Ho avuto la fortuna, nel giugno 2014, di essere eletto membro del 21° sinodo diocesano della Chiesa che è in Novara. La partecipazione ai lavori del sinodo è stata, per me, un’esperienza arricchente sotto il profilo personale, umano, spirituale ed ecclesiale. Ormai al termine di questa esperienza ecclesiale fuori del comune, dopo aver letto con attenzione le 70 proposizioni approvate dall’assemblea sinodale il 12 marzo 2016, ho sintetizzato in dieci punti la risposta alla domanda “Come sogni la Chiesa di domani?” che dà il titolo alla lettera pastorale scritta dal mio vescovo Franco Giulio Brambilla nell’agosto del 2013.

Chiesa popolo di Dio. Mi piacerebbe che, quando si dice “Chiesa”, non si pensasse solo a papa, vescovi, presbiteri e diaconi (e istituzioni ecclesiastiche), ma, prima di tutto, all’intero popolo di Dio che, mediante la fede e il battesimo, partecipa, nella diversità di funzioni, della essenziale vocazione sacerdotale, profetica e regale del Signore Gesù per testimoniare e annunciare l’amore teneramente materno di Dio Padre per tutti gli esseri umani. Sogno una Chiesa che guarda ai laici, uomini e donne, non come a semplici destinatari di disposizioni provenienti dall’alto, ma come a persone alla sequela di Cristo che, grazie al sensus fidei, alimentano e vivificano la vita ecclesiale con pensiero critico, con fede salda, con speranza feconda, con carità operosa, con pratiche di vita e atti di culto: in sintesi, con la loro ricezione del senso vivo del Vangelo. Sogno un convinto e robusto avvio e consolidamento di un’adeguata formazione di nuove figure ministeriali laicali in grado di assumere responsabilità in ordine all’animazione delle comunità prive della presenza stabile del presbitero.

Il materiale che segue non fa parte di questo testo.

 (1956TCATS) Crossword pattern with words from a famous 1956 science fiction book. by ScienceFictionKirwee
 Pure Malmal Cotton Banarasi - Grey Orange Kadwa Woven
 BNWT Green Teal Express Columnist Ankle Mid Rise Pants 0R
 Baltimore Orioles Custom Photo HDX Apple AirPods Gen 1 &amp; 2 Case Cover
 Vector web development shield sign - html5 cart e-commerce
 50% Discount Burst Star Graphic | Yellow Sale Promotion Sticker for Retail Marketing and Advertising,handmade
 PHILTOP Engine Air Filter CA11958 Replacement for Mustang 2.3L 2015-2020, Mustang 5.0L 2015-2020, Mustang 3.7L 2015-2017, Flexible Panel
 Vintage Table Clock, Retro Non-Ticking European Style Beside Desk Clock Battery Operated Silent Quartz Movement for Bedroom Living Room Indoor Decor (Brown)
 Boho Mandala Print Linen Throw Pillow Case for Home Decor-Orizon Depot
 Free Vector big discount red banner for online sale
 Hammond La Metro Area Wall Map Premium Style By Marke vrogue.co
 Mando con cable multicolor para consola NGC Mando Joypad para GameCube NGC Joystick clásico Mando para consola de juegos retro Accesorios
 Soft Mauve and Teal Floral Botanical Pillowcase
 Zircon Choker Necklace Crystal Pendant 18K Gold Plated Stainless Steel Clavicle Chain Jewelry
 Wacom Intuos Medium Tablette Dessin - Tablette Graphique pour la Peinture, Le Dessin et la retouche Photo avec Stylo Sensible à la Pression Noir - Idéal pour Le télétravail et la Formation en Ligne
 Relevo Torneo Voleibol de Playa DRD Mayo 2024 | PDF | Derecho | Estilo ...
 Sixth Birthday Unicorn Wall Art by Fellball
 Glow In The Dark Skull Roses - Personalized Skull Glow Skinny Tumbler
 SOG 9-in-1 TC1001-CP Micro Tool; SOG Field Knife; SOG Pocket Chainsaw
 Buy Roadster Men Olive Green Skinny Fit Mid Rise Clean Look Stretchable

Chiesa che vive della parola di Dio. Mi piacerebbe una Chiesa nella quale i credenti, comunitariamente e individualmente, hanno largo accesso alla parola di Dio e in modo consapevole, esteso e condiviso sono impegnati ad animare, con le Scritture sacre, tutta l’azione pastorale delle comunità in cui sono inseriti. L’evangelizzazione richiede la familiarità con la parola di Dio e questo esige che ogni comunità offra l’opportunità di uno studio serio e perseverante della Bibbia, promuovendone la lettura orante e il continuo confronto in grado di orientare le scelte di vita dei cristiani in modo conforme al Vangelo. E sogno anche una Chiesa nella quale i “ministri della Parola” non improvvisano le omelie, ma le preparano adeguatamente tenendo conto delle persone che hanno di fronte e valorizzando, all’interno di idonee iniziative pastorali ad hoc, le risonanze che la lettura orante della Parola provoca nella coscienza dei credenti.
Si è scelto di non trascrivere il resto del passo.